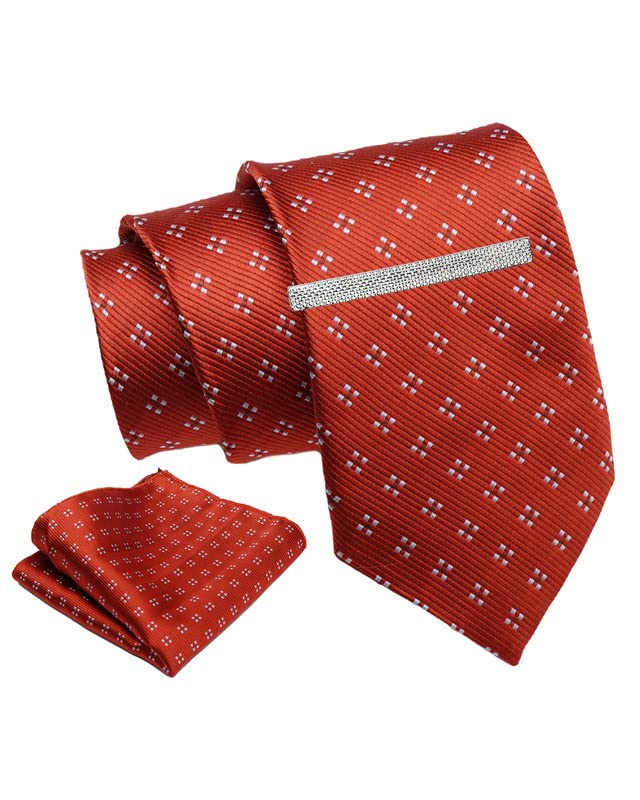 Tie for Men – Micro Silk Neck Ties Set with Cufflinks Flower Pin, Pocket Square & Black Gift Box, Combo Necktie Sets for Office Wear, Formal Suits & Weddings (Maroon, AXNW30)-image-21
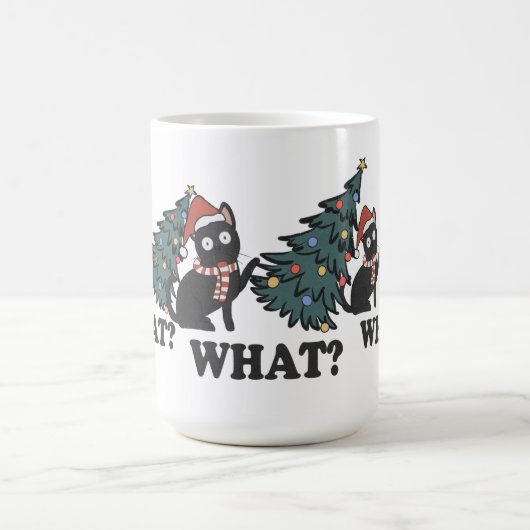 クリスマスおもしろいに帽子をかぶったかわいい猫 コーヒーマグカップ (中央)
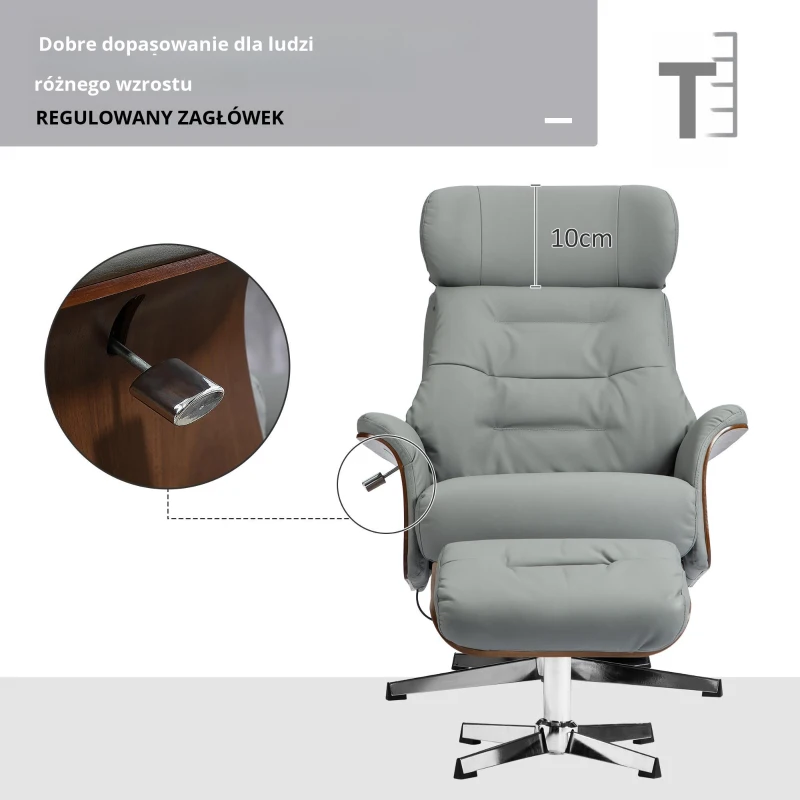 HOMCOM Fotel Wypoczynkowy z Podnóżkiem, Funkcja Leżenia, Obrotowy, Wygląd Skóry, do 150 kg, Jasnoszary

==*==

◆ Exercise instructions ◆
Lines from the one that contains "クリスマスおもしろいに帽子をかぶったかわいい猫 コーヒーマグカップ (中央)" to the final line of the material are the whole answer. Reproduce them word for word and skip the pictures.

◆ Exercise solution ◆
 クリスマスおもしろいに帽子をかぶったかわいい猫 コーヒーマグカップ (中央)
 HOMCOM Fotel Wypoczynkowy z Podnóżkiem, Funkcja Leżenia, Obrotowy, Wygląd Skóry, do 150 kg, Jasnoszary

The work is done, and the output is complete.